De las tres exposiciones inauguradas para este otoño/invierno por la Fundación Mapfre, nos vamos a ocupar en este artículo de la más novedosa y sorprendente. No porque Los veranos de Solana no sean un pretexto suficiente para dedicarles una tarde entera, en esa luz del mediterráneo, en esos verdes acuosos de Zarauz o San Sebastián. Y tampoco porque las fotografías de Mathieu Pernot no sean un encuentro con la fotografía social, con el trabajo lento del artista que acompaña a sus figuras, en este caso una familia gitana, durante décadas. La intimidad que consigue Pernot es muy difícil de lograr; la capacidad de que las personas abran su mundo para mostrar a los que viven en la periferia, es un premio. El esfuerzo merece la pena. Pero Rosso es quizá menos conocido por el público español. Se trata de un escultor revolucionario, un artista sorprendente. Su arte ha vivido a la sombra de su gran contemporáneo, Auguste Rodin. Pero la huella de Rosso (Turín, 1858-Milán, 1928) en el arte posterior es más nítida y perdurable que la de Rodin. Su camino artístico es tan desafiante como el del francés.
Las obras de Medardo Rosso que se exponen en la Fundación Mapfre son las más vanguardistas, las más experimentales. A través de los bronces y los yesos es fácil explicar porqué fue un artista incomprendido en su tiempo. Su camino consiste en desmaterializar la piedra o el metal para hacer que la escultura capte la sombra, el recuerdo de un instante, el gesto íntimo de una madre que amamanta a un niño, la risa que transforma un rostro. La materia de Rosso aspira a ser agua, luz, apenas un perfil entrevisto en la penumbra. Por eso, en la exposición acompañan a las obras colecciones de fotografías y de dibujos. El arte de Rosso está íntimamente relacionado con el de la fotografía, como los estuvo el de Degas, por ejemplo.
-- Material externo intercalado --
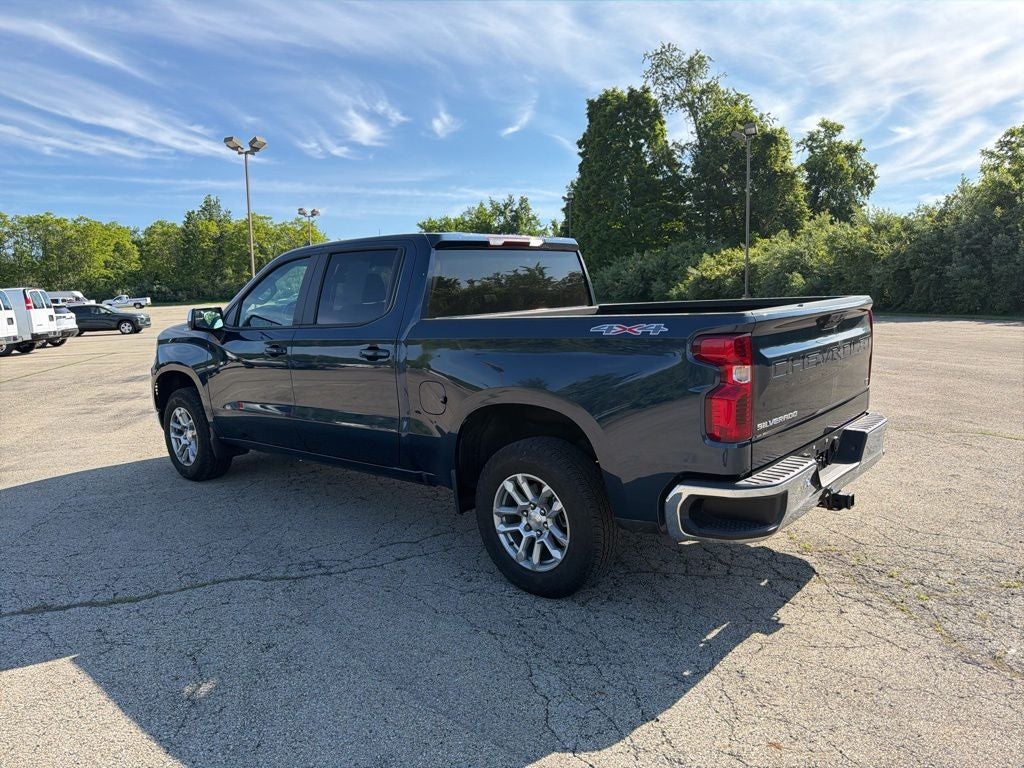 2022 Chevrolet Silverado 1500 LT LT1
Su forma relaciona a la escultura con la pintura. Con el arte de sus contemporáneos impresionistas, pero sobre todo con los maestros antiguos. Una serie de esculturas de cabezas de niños remite de forma inmediata a los restos de estatuas hallados en civilizaciones antiguas: por su tosquedad elemental, por el deterioro que la erosión ha dejado en los rostros, que parecen apenas entrevistos detrás de un velo, un velo de tiempo, de luz. El Bambino al sole es apenas un dibujo trasladado a la materia, una vibración de una fragilidad extrema, como si el gesto estuviera a punto de desaparecer, un recuerdo borroso.
Rosso se adelanta. En sus obras está impreso el camino que luego seguirán
Constantin Brancusi, Alberto Giacometti, Lucio Fontana o el más contemporáneo
Thomas Schütte. La tradición marcaba que la escultura debía expresar lo permanente a través de la masa y el volumen. Rosso vacía la materia para plasmar el recuerdo que
le ha dejado la contemplación de una escena. Busca trasladar la emoción, la huella mental que retiene en su memoria. Son 300 piezas. No están ordenadas en un sentido cronológico. Y constituyen una de las exposiciones más interesantes de esta temporada.